The latest round of agitations and renewed demands for minority religious status are led by Karnataka water resources minister M.B. Patil.
“This has been a long standing demand of the Lingayats. The struggle is over a 100 years old but for the last 40 years (it) has been out in the open,” S.M. Jamdar, a former bureaucrat and member of the Lingayat Samanvaya Samiti said.
Though the demand for a separate religious status and separation from the Veerashaivas is at least a century old, agitations across the state just before next year’s elections acquires a more political connotation.
The Congress, which enjoys the support of backward classes and minorities, is hoping to get the Lingayats on board to help undermine the BJP in Karnataka and stop the saffron party from repeating its recent landslide victories in other state elections like Uttar Pradesh.

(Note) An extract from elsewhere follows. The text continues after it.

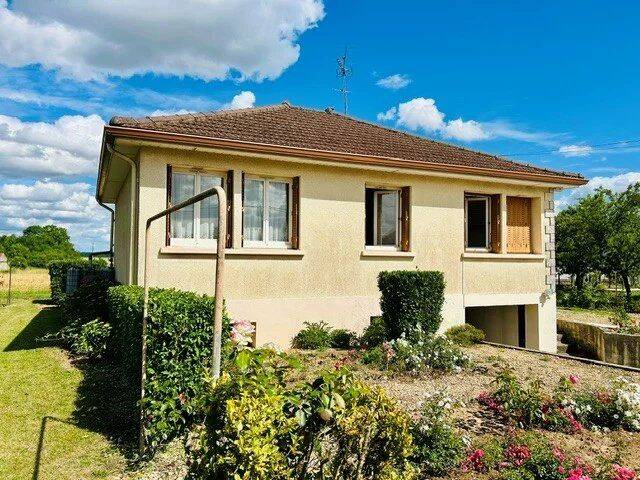 Maison 4 pièces 65 m² · à Seurre · 65 m² · 135 000 €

For the BJP, the Lingayats have been a voter base, helping the party to remain a force to reckon with despite its disastrous outing in the 2013 elections or years in power from 2008-2013.
Sandeep Shastry, political scientist and pro-vice chancellor at Jain University, said the Lingayats have always been with the BJP. “Even in the last election (2013), votes just got split between KJP (Karnataka Janata Party) and BJP, but the Lingayat vote did not necessarily go to the Congress party last time they came to power,” Shastry said.
The latest round of agitations, which have seen a large turnout in different parts of the state, have seen people take differing stands, even within the same party, even as the Congress and Bharatiya Janata Party (BJP) have locked horns over the issue.
Though former Karnataka chief minister and BJP leader B.S. Yeddyurappa has backed the faction to remain with Hinduism to resist any attempt to isolate the Veerashaivas, he has remained tightlipped about the issue. He, however, used the opportunity to attack Patil and Karnataka CM Siddaramaiah for trying to (what the BJP terms) “divide the society for political gains”.
Some, within the Congress, have remained non-committal on the issue.
Patil, on 11 September claimed to have the backing of Sri Sri Sri Shivakumar Swamyji, the 110-year-old spiritual leader of the community.
However, two days later, the seer in a letter, denied extending any support for a separate religion or break from Veerashaivas.
Patil swears by his earlier statement, where he claimed the support extended by Sri Sri Sri Shivakumar Swamyji, and vows to continue the agitation despite media reports that the party high command is unhappy with the developments. “It’s a decision left to Siddaramaiah. High command will not interfere in it,” said a senior All India Congress Committee (AICC) member, requesting not to be named.
Patil, on the other hand, is prepared to take the century-old struggle to its logical end. He argues that Basavanna—the 12th century thinker known as the intellectual preceptor of the Lingayat community—a Brahmin by birth, had left Hinduism as he was against the Vedas, Upanishads, caste system and other beliefs. “We have less in common with Hinduism than Sikhs or Jains.” he said on Thursday.
Jamdar says that the Peeta or priestly system followed by Veerashaivas has corrupted the Lingayat way of life. He said that there are about 3,000 Virakta Muttas (which Lingayats follow) in Karnataka and surrounding states and about 200-300 Pancha Peetas (which Veerashaivas follow). He added that Veerashaivas only make up for about 1-2% of the entire Lingayat population, an argument to support the claim that it will continue to be a dominant community, making them that much more attractive as a voter base.